**Work to complete:** The range runs from the line containing "Kebersamaan Jadi Kunci, RTLH" to the last line of the entries. Restate those lines word for word, without the pictures.

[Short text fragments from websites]
╔══

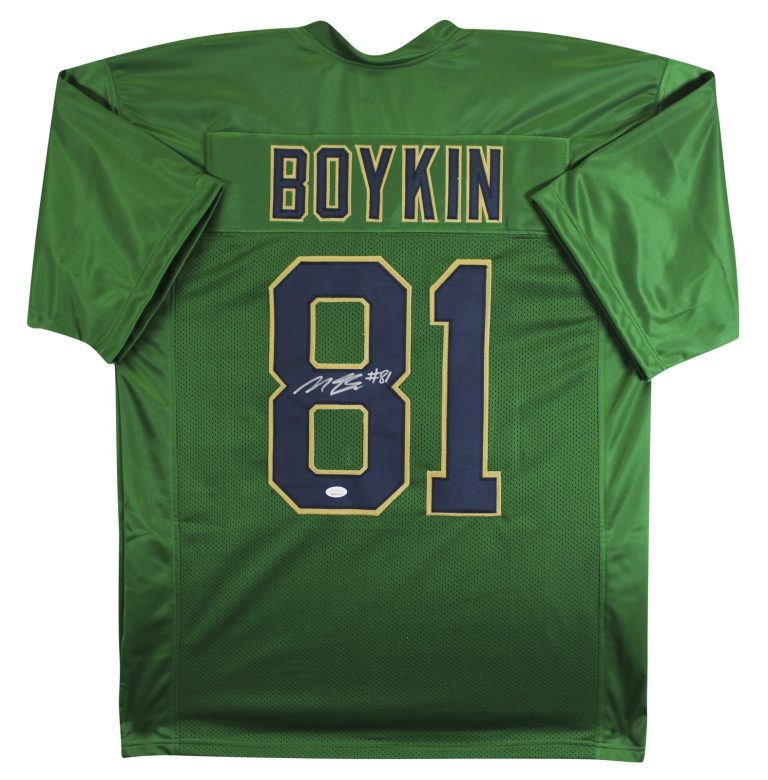 Notre Dame Miles Boykin Authentic Signed Green Pro Style Jersey JSA #WPP500016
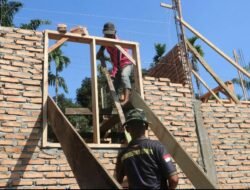 Kebersamaan Jadi Kunci, RTLH TMMD Ke-128 Capai Progres 40 Persen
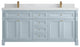 Paris 72" Double Sink Bathroom Vanity in Blue Heather 2" Empira Quartz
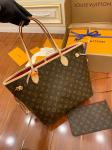 Louis Vuitton Designer Monogram Bag Pink Monogram Canvas Neverfull Mm Italian A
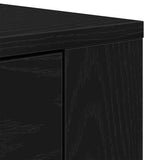 Sideboard Black Oak 160 x 33 x 70 cm Engineered Wood 3333083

╚══

**Task answer:**
 Kebersamaan Jadi Kunci, RTLH TMMD Ke-128 Capai Progres 40 Persen
 Paris 72" Double Sink Bathroom Vanity in Blue Heather 2" Empira Quartz
 Louis Vuitton Designer Monogram Bag Pink Monogram Canvas Neverfull Mm Italian A
 Sideboard Black Oak 160 x 33 x 70 cm Engineered Wood 3333083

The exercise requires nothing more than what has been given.